Oil's run may be over

FILE – In this April 23, 2018, file photo, the logo for ExxonMobil appears above a trading post on the floor of the New York Stock Exchange. (AP Photo/Richard Drew, File)

Thomas H. Kee Jr. is president and CEO of Stock Traders Daily.

The oil market has priced in an almost guarantee that President Donald Trump will scrap the Iran Nuclear deal and no one will be there to pick up the slack in the market. However, when he announced that he will reveal this decision on Tuesday, four days before the deadline, the tone in the oil space changed.

Oil traders recognize that the worst-case scenario has been built in to current oil prices. Anything less than that would likely cause oil prices to decline. This was the tone in the oil space in the last hour of trading on Monday. The worst has been built in to oil prices, and after the decision is released on Tuesday reconsiderations are likely.

Frankly, I do not know what the decision is going to be, but Trump’s rhetoric has clearly been pointed at dissolving the deal for some time. I do not know if he can justify that, and I am relatively certain that other participants in the deal do not want to see it scrapped — so the decision is not nearly as absolute in my eyes as it seems to have been in the eyes of traders over the last two trading sessions.

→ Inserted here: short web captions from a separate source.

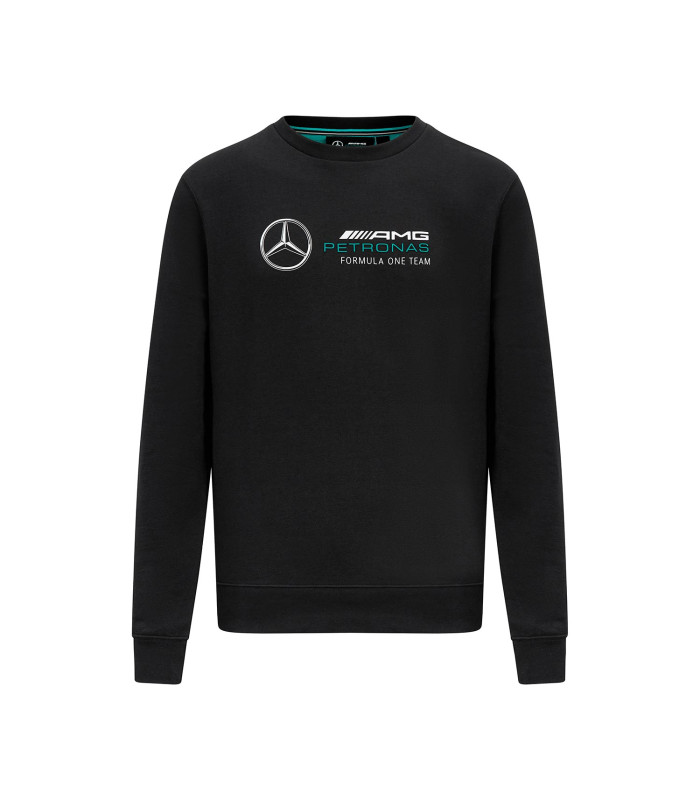 Sweatshirt Crew Logo Mercedes-AMG Petronas Motorsport Officiel Formule 1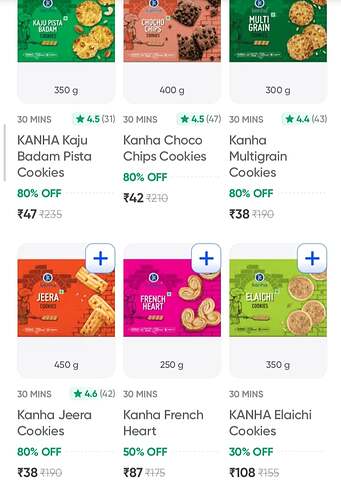 KANHA Cookies Swiggy Instamart Deal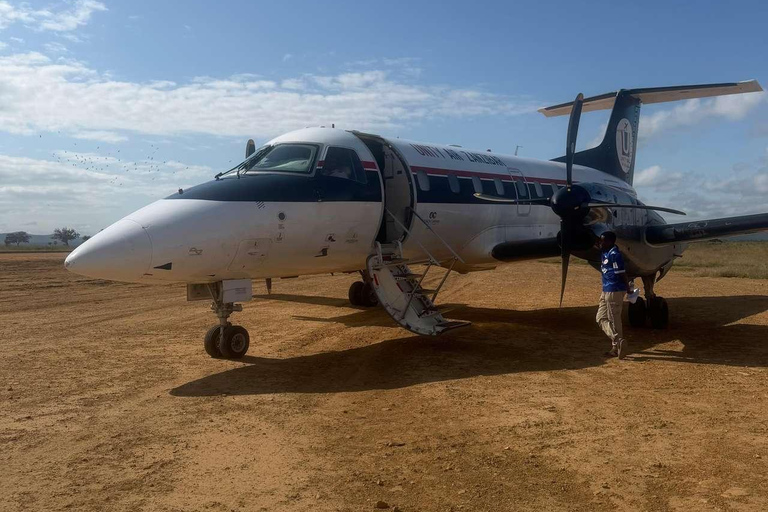 From Zanzibar: Mikumi Safari Day Trip with Flights and Lunch Mikumi Shared Safari without hotel transfer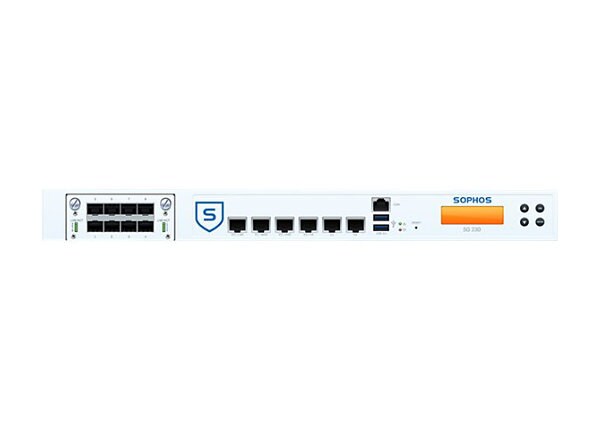Sophos SG 230 - security appliance - with 1 year TotalProtect Plus 24x7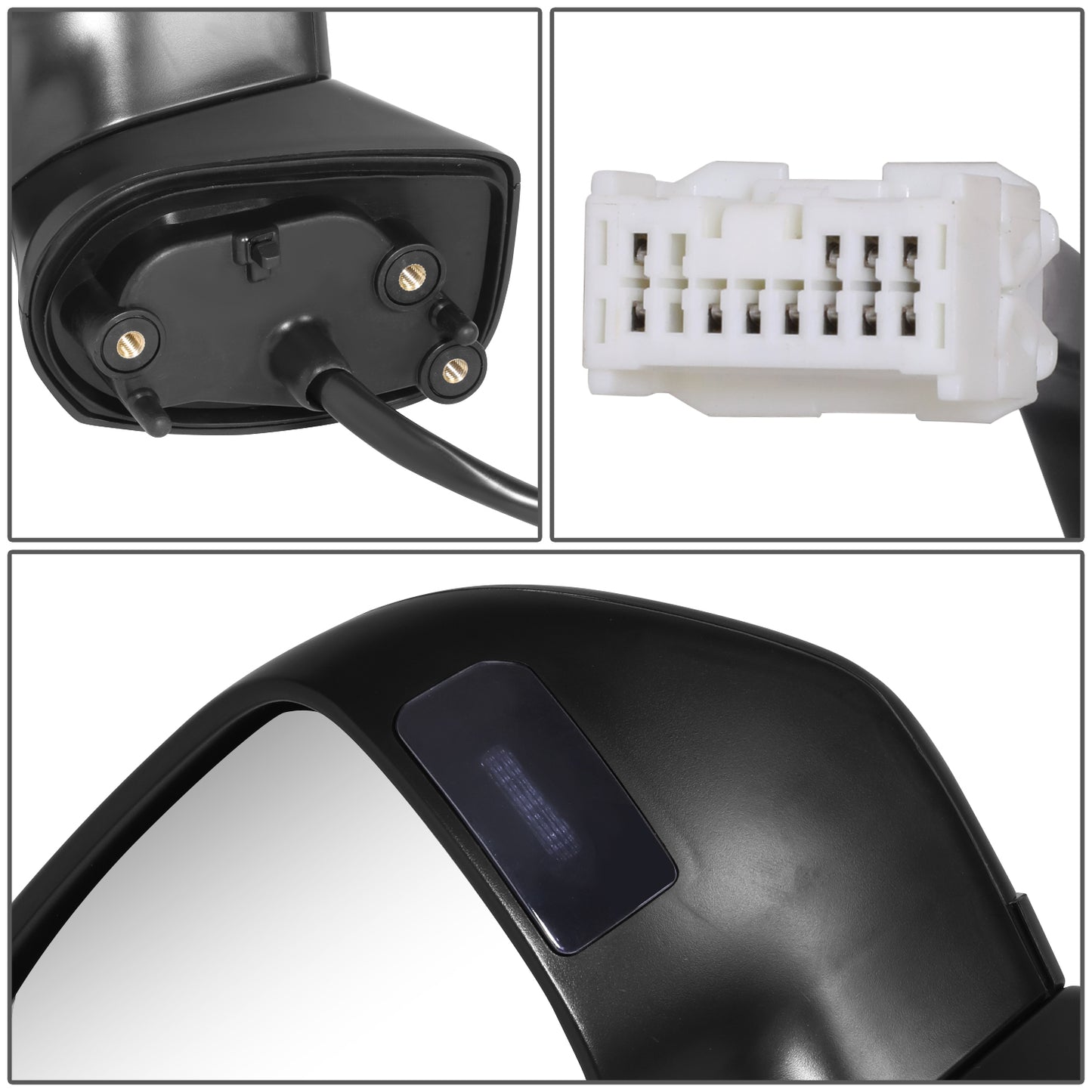 RETROVISOR MIRROR - OE STYLE - SUBARU IMPREZA 17-23 - WITH POWER WITH HEATED WITH BLIND SPOT - DRIVER SIDE - PAINT TO MATCH - BLACK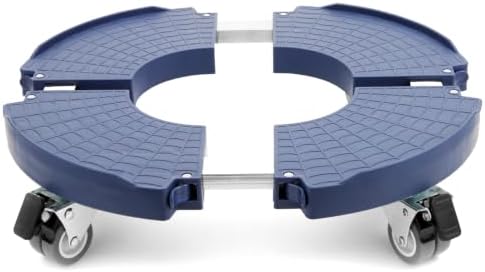 W B D WEIBIDA Verstellbares Rollbrett Pflanzen,Indoor Pflanzenroller Rund | Tragkraft 200kg,Verstellbare 40-54cm,360° Drehbare Räder,Schwerlast Pflanzenroller Rund Außenbereich und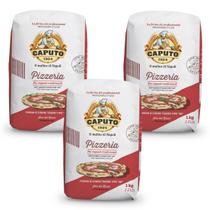 Pack 3 Farinhas 00 Italiana Caputo PIZZERIA 1kg Pack 3 Farinhas 00 Italiana Caputo PIZZERIA 1kg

The action on Friday and earlier Monday in oil may very well have been trading oriented long positions that wanted to take advantage of a run-up ahead of the decision that was expected to come on the 12th. The reconsideration I am seeing exists because the decision is going to come Tuesday instead, and those buyers who pressured prices higher Friday and early Monday did not necessarily want to hold through the decision.

Unless the decision is a worst-case scenario, the price of oil is likely to fall again into a much more balanced price range.